## REQUIRED ACTION
From the entries below, copy exactly the lines from the one that contains "Question: Do you" through the one that contains "And then you can", both included, and only those.

Saved data entries
Content starts

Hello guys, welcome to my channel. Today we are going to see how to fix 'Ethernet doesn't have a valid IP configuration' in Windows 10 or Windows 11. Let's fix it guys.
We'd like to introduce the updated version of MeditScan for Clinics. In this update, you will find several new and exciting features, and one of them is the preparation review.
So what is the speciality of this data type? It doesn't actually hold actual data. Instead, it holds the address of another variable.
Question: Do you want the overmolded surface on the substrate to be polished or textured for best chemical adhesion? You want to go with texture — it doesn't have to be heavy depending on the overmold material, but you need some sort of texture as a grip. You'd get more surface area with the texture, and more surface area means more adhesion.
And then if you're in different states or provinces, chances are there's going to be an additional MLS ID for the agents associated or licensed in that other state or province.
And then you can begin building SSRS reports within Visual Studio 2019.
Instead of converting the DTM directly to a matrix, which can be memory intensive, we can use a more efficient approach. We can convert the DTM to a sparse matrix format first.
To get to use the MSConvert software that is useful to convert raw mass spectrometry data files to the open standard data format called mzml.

Content ends
Content starts

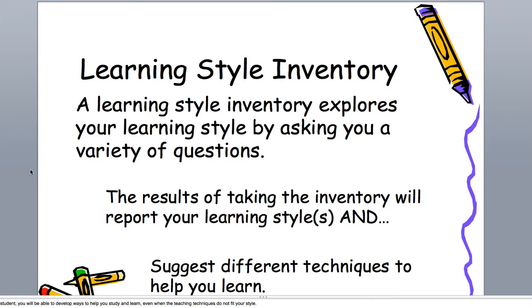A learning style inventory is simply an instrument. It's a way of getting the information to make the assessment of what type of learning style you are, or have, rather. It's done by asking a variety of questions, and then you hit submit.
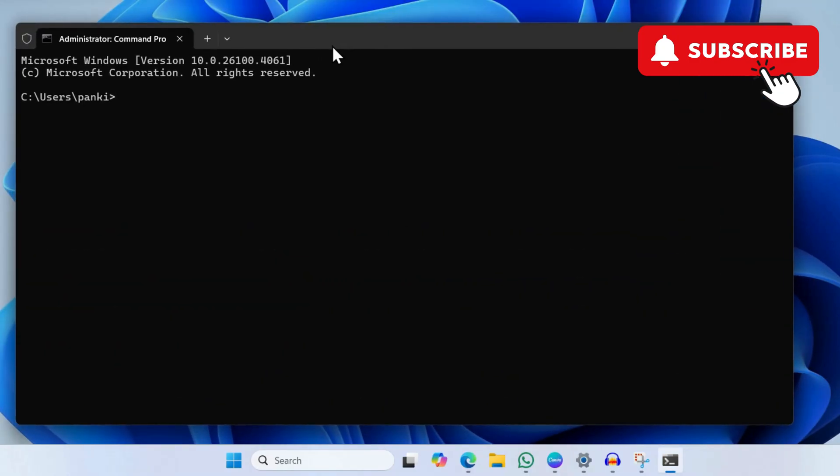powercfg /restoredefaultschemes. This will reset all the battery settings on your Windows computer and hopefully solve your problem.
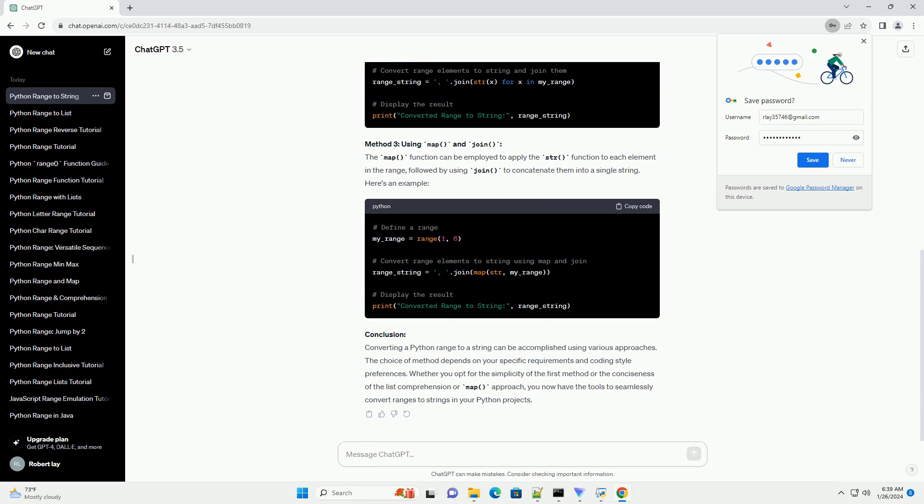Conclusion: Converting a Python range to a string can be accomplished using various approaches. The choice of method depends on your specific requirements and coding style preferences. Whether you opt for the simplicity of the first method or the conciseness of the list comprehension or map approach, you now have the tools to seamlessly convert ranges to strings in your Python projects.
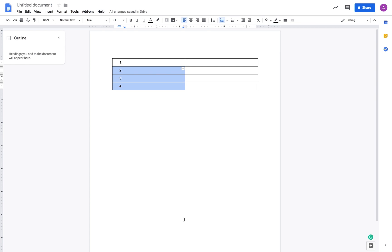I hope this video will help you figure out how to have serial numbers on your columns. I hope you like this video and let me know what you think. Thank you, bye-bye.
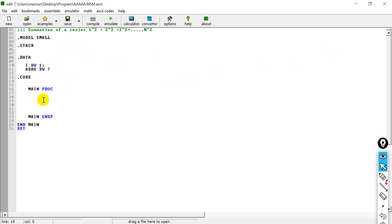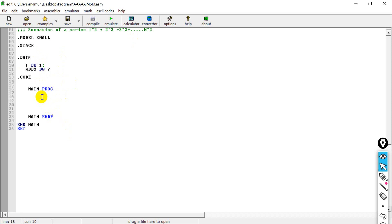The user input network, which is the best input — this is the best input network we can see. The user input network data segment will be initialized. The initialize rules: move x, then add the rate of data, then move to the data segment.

Content ends

## ANSWER AREA
Question: Do you want the overmolded surface on the substrate to be polished or textured for best chemical adhesion? You want to go with texture — it doesn't have to be heavy depending on the overmold material, but you need some sort of texture as a grip. You'd get more surface area with the texture, and more surface area means more adhesion.
And then if you're in different states or provinces, chances are there's going to be an additional MLS ID for the agents associated or licensed in that other state or province.
And then you can begin building SSRS reports within Visual Studio 2019.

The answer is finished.